The author didn't have a wink of sleep the earlier night as his spectacles were playing hide and seek with him. Having lost the game after 3 hours of frantic search, he takes a short nap for 2 hours. Having had only ten hours of sleep the whole of last week(the sem exams took a heavy toll on our sleep) this got used to him. But he was up in his berth by 7'o clock due to a new alarm tone.(The new alarm was quite different. It had its own alarm time of 6:30 and a snooze time of 2 min for the next 3 hours. Well if still the reader hasn't understood, I am talking about the IRCTC vendors in their comedy outfits peddling up and down the train, their so called tea and coffee with an alarm tone of "chaaai garam chaaai" and the " kaaapi coffee" tones). The spectacles in 7 pieces(thanks to those vendors) greets him with a Good Morning. He thanks his mom for her insistence upon having a spare set of spectacles and lazily brushes his teeth.
Nothing to complain of after two hot cups of tea and bread cutlet as break fast. He moves to the other coach to see whether the others were still in their wonderland or have woken up. (I tell you that is a group of heavy sleepers). To his astonishment breakfast was already over with pug's Aloo puri(5 dozens of poori for 6 people). The morning wiles away lazily with hot news from The Hindu and The Indian Express starting a series of discussion about the World Tour Series decision.(Mr. Pose and Mr. Arbit seemed to be more concerned than Federer and Murray) The twins and Palan got buried in their novels while the rest sat for a game of literature.(The author is an ace at it).
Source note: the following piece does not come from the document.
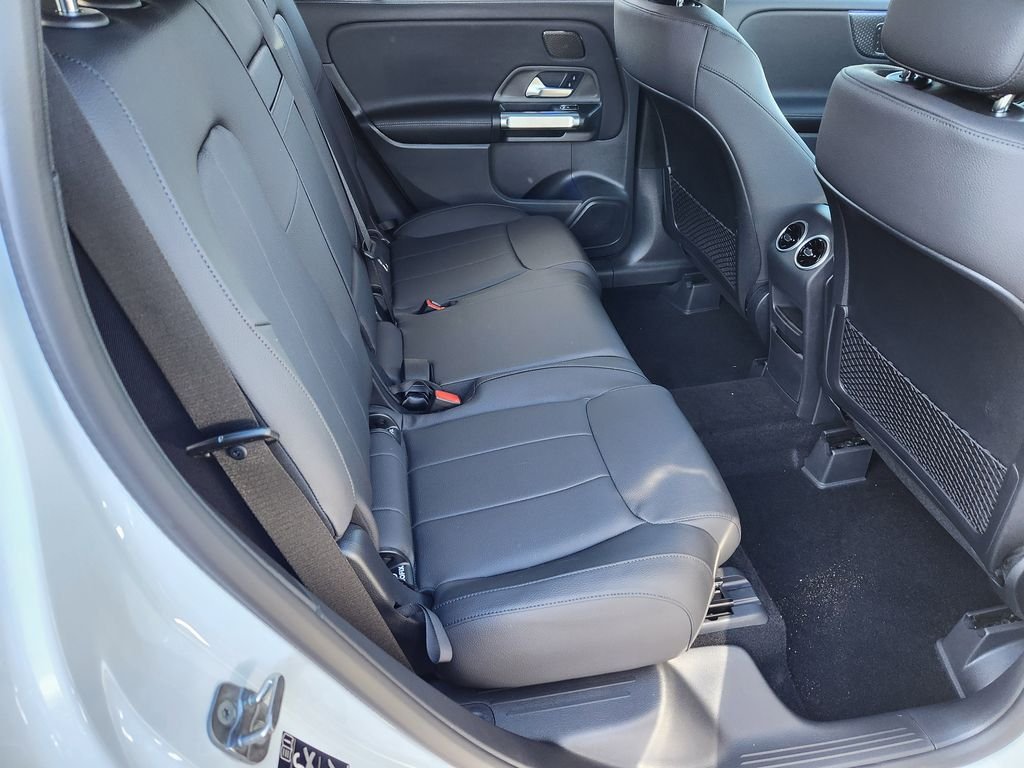 New 2026 Polar White Mercedes-Benz GLB 250 4MATIC® image 18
After an hour of entertainment the focus turns towards scenery outside. We have just passed golt land and the town of Balharshah with its towering paper factories welcomes us. Shap was already restless, as it was almost two hours since his break fast and nothing has gone down his throat(A feat by itself). Genie and Shap scale the length and breadth of the station and were back with a small picnic pack in a jiffy.(Anybody in the platform would have thought that the train's pantry was going out of stock). After oranges at Nagpur and Dhoklas at Bhopal, Mafia took centre stage( or rather Sharadh). As we crossed Bhopal, the early signs of North Indian winter were visible inside the train. As always 18 Till We Die did the most to show off. The race for the most no of winter clothes to be worn started and we were all geared up in ten min. As night set we ate silently and the author and druggie went to sleep with the eagerness of seeing their old place tomorrow again after a long time. The gleaming eyes sandwiched in those mufflers and caps slowly dimmed and faded away as the [Un]lucky traveler was asleep in ten min.
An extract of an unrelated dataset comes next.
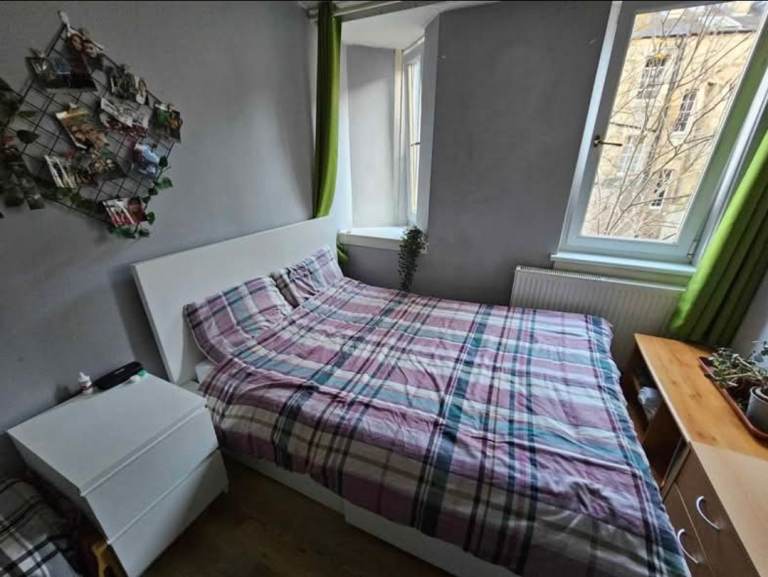 Large Double bedroom to rent in the heart of stockbridge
Wednesday, December 9, 2009
Thursday, December 3, 2009
DAY-0
The scene is the (Un)lucky traveler's house. He sits in front of the comp all morn receiving the trip schedule in various formats(thanks to the request by different parents) and shows them all to his dear pa and ma. Jolt no 1. He discovers that his very trip is under threat. He has lost his PAN card, the only so called railway authorized photo id needed in many legs of the trip for an e ticket. Some how, the other last minute add on(one being the author himself and the other travelling in the former's ticket) reassures that things will fall into place.
The (Un)lucky traveler reaches skippy's home at neck time. He is again showered with all kind of advices that his ears have just been subjected to, a couple of minutes ago at his own house. The tour guide joins in. We pick up an excited druggie(longing for a trip and to see his old place) on the way and reach Chennai Central Railway Station. Amongst the thousands of travelers crisscrossing the terminal, slowly a bunch of sem tanned, vacation longing men group together, with some of their parents accompanying them. The organiser cum treasurer takes over as he hands out the tickets to the respective groups and we head for our respective coaches.
The (un)lucky traveler has his first stroke of luck when the TTR ignores his id card. He is pinged by many to come to the happening coach immediately to fill up Skippy's birthday card. The loudest of greetings and wishes from 18 TILL WE DIE wins the battle against the rattling sounds of the train to wake up fellow passengers. A sign of blush (a newly found species) passes over skippy's face. A verbal retaliation from the sombre surroundings, force the group to get back to their berths. Thus starts one of the most exciting trip of 18 TILL WE DIE.